NO118.はじめに言葉ありき…その2 理解度の違い

一度説明したからといって理解出来る人は僅かです。1回で出来るのは天才か、それまでの経験の中で培った経験を持つ秀才のいずれかで、通例は忘却曲線に従って時間の経過と共に忘れてしまいます。

人は聞いた内容の4割程しか理解できない?

社会に出ると、「1度説明したでしょう。」と部下を叱る人がおられます。職人的な方であったり、僕の学校はと自負できるほどの能力があったり、人材がやたら豊富な組織であったりする場合に、よくみられる光景であろうかと思います。

誰しも難解な内容であればあるほど、多くの場合お話しを聞いているだけでは忘れてしまいますので、有能な方、自分を知っている方は、ノートやメモをしっかりと取られます。

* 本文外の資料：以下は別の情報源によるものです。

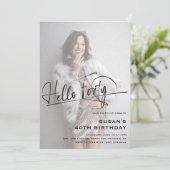 Hallo Script 40 minimale foto 40e verjaardag Kaart (Staand voorkant)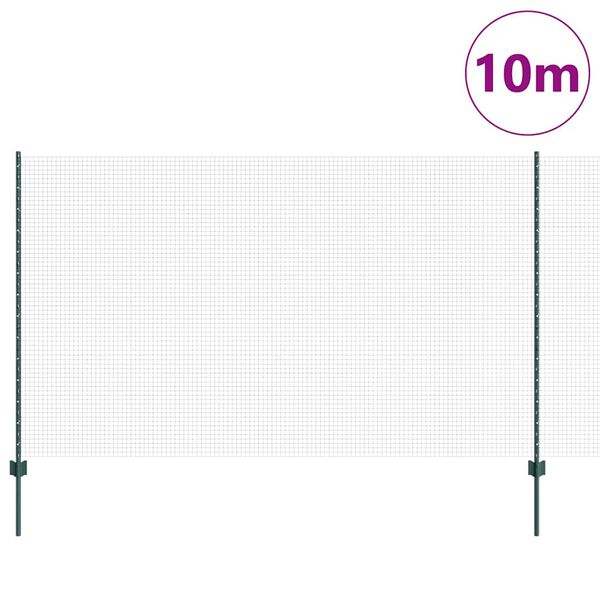 vidaXL St&auml;ngsel med stolpe Gr&ouml;n 1,4 x 10 m St&aring;l och PVC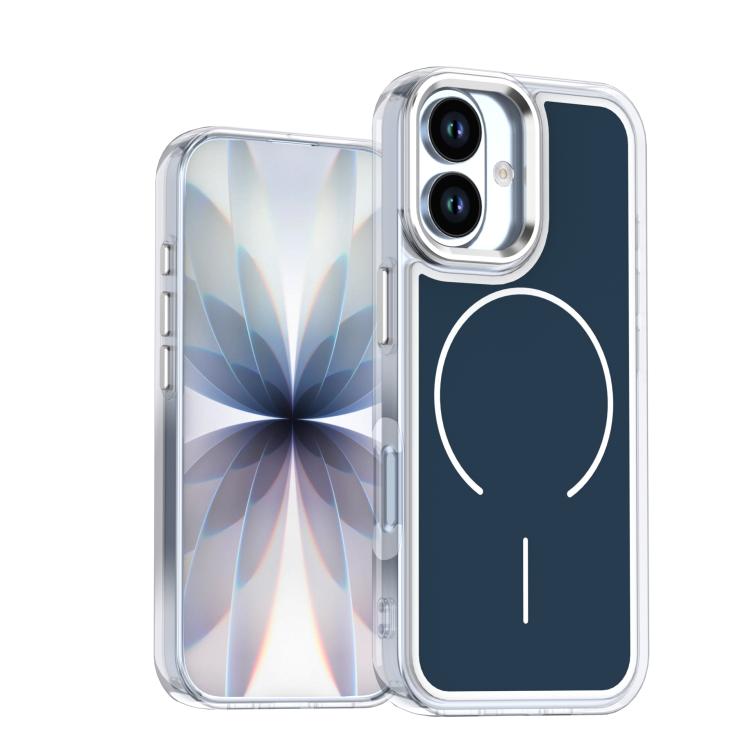 For iPhone 17 Bright Shadow Two-color MagSafe Magnetic Phone Case(Blue)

※人の話をノートを取らずに聞いている人はよほどの天才か、やる気のない約束を守らない方です。聞き流していると私自身も判断します。そのような方にいくらアドバイスしても改善されません。何故なら幾らお話ししても忘れてしまうからなのです。

私は毎月100名前後のご父兄に対しての講演会が1回から2回あります。今月も7月6日にありましたし、今度は19日と21日にも教育講演会があります。どなたも熱心に傾聴されるのですが、3ヶ月半年すると、ノートをとられている方が結果を収められる事となります。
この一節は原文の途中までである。